▶ [PROBLEM DETAILS] Starting at the line that contains "从镜子里我们看出了什么二年级寒假作业", quote every line through the end of the entries, word for word, skipping the pictures.

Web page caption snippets
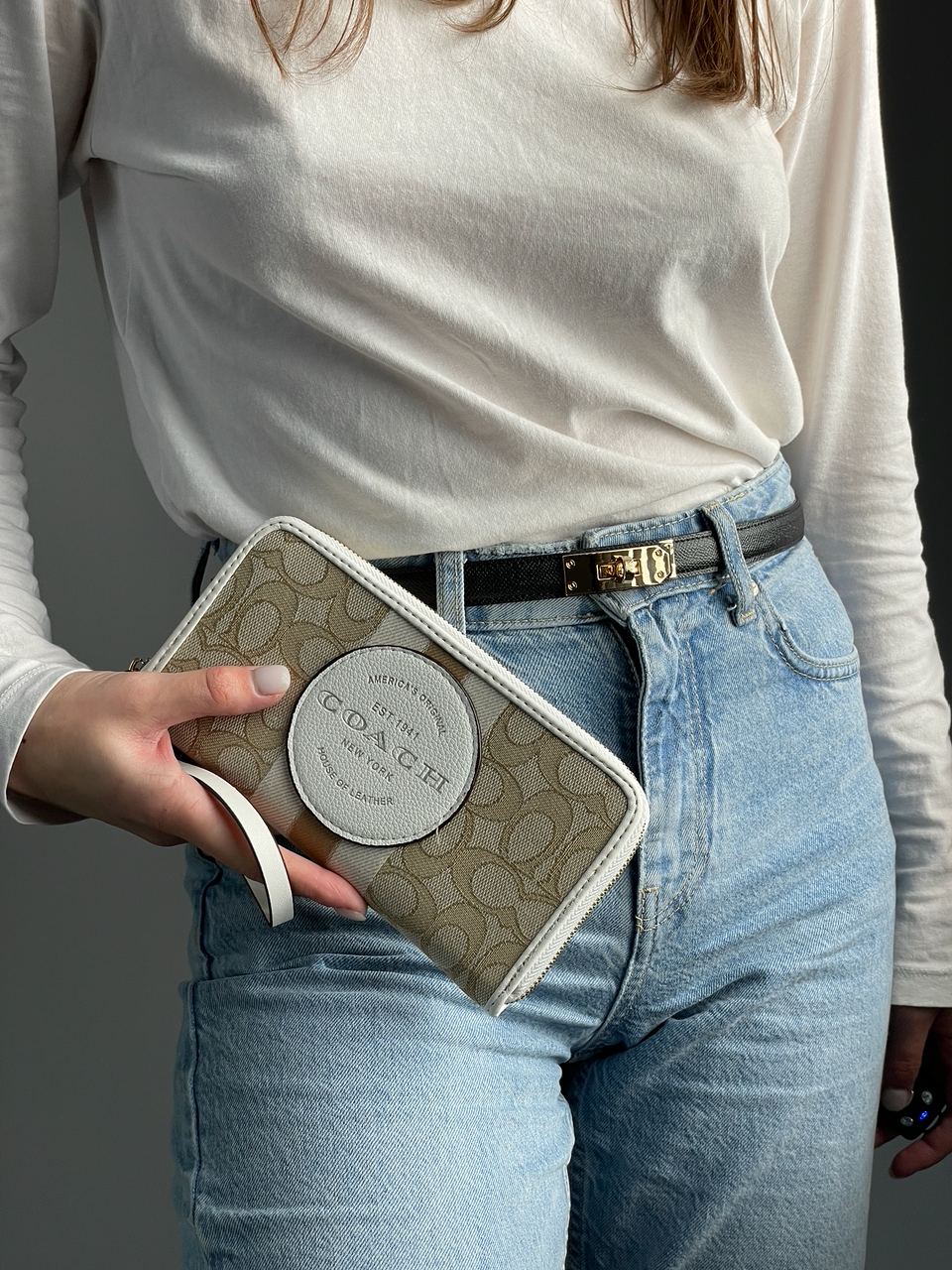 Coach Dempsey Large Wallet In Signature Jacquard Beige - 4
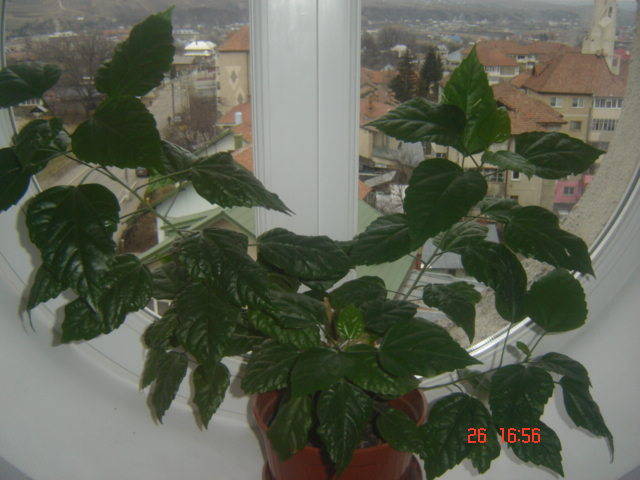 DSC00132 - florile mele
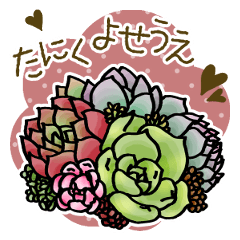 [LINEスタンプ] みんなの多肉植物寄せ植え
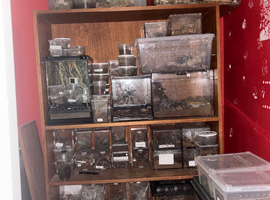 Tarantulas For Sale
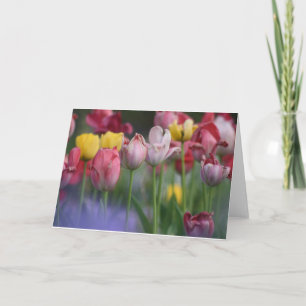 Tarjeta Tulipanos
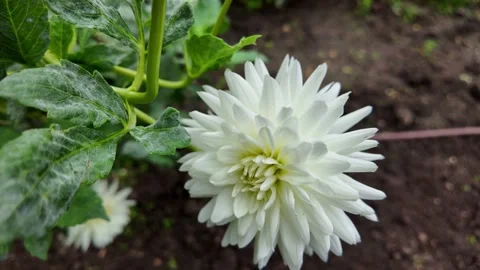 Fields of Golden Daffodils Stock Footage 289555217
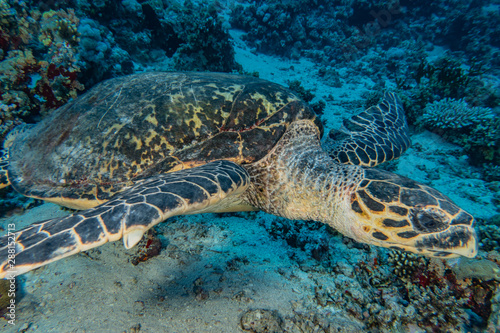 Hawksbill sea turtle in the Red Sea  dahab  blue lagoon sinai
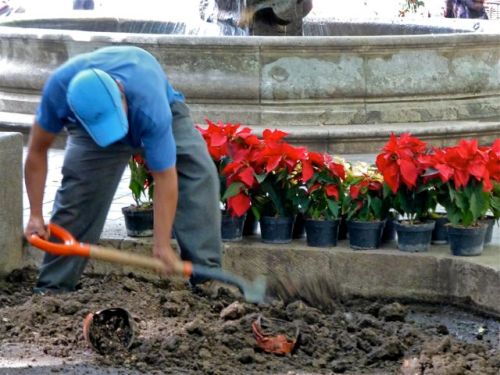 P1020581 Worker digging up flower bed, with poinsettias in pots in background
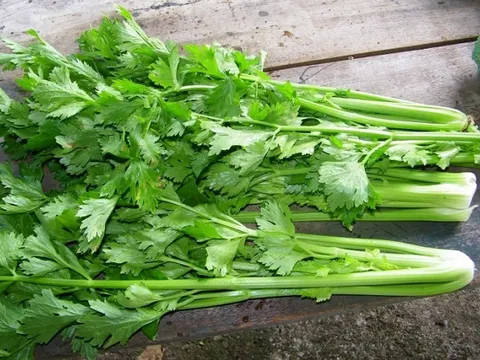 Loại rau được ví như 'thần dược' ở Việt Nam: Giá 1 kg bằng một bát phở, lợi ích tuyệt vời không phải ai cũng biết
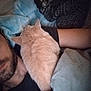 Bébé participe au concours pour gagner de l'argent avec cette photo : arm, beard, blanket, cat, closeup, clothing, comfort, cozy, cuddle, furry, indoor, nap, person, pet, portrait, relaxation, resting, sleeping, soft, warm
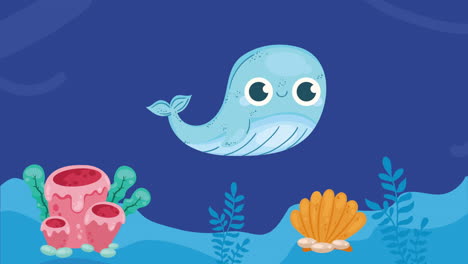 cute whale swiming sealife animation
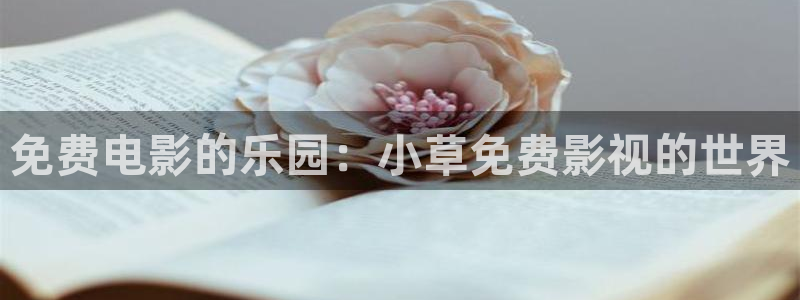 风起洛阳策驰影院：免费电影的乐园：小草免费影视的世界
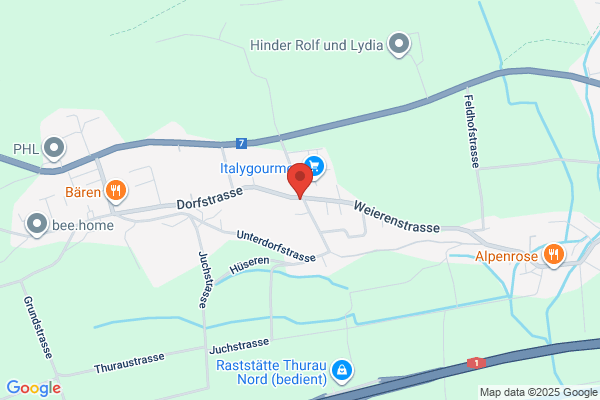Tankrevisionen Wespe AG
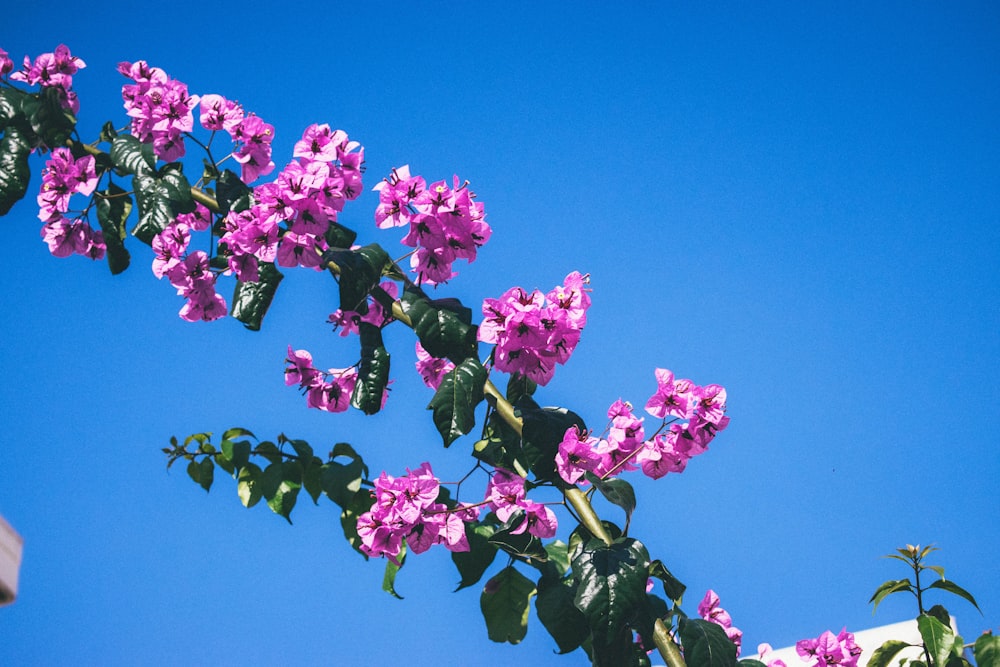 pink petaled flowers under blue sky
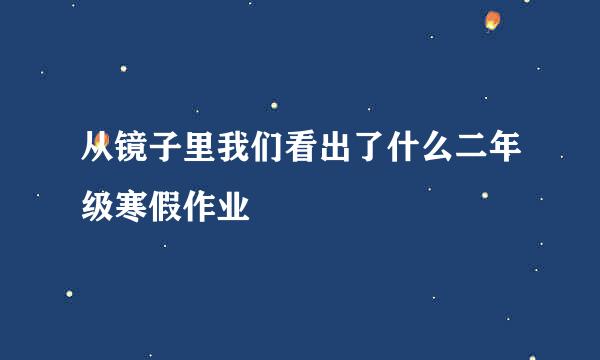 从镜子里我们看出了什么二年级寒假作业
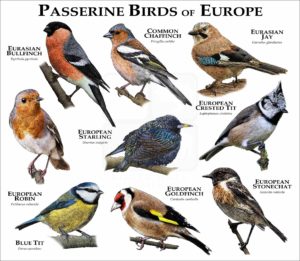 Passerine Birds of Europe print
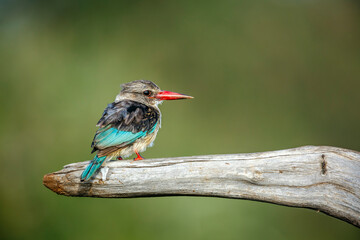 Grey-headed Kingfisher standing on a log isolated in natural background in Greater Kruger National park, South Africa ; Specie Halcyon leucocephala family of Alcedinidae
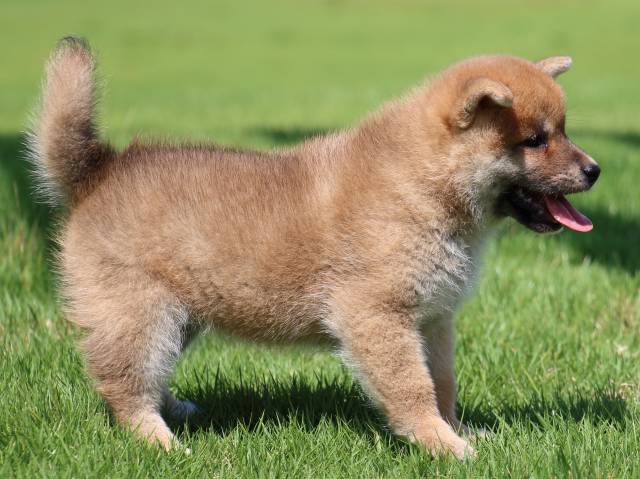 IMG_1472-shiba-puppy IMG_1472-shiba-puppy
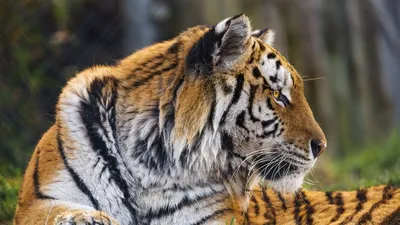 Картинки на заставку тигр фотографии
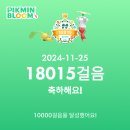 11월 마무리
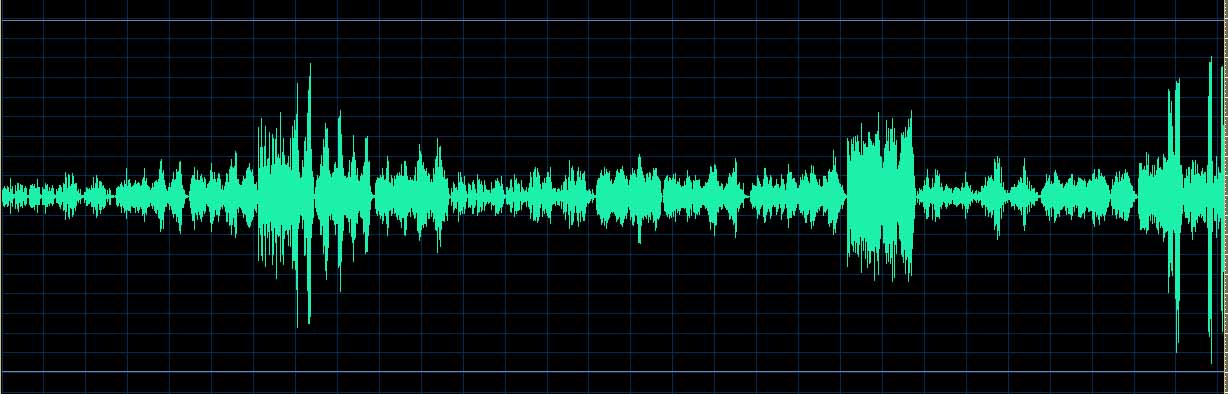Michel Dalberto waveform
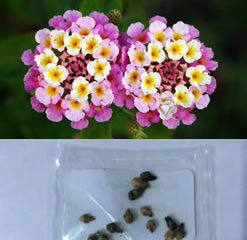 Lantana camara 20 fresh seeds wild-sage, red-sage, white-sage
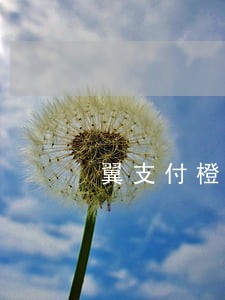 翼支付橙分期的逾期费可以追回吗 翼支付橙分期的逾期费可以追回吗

▶ [EXERCISE ANSWER]
 从镜子里我们看出了什么二年级寒假作业
 Passerine Birds of Europe print
 Grey-headed Kingfisher standing on a log isolated in natural background in Greater Kruger National park, South Africa ; Specie Halcyon leucocephala family of Alcedinidae
 IMG_1472-shiba-puppy IMG_1472-shiba-puppy
 Картинки на заставку тигр фотографии
 11월 마무리
Michel Dalberto waveform
 Lantana camara 20 fresh seeds wild-sage, red-sage, white-sage
 翼支付橙分期的逾期费可以追回吗 翼支付橙分期的逾期费可以追回吗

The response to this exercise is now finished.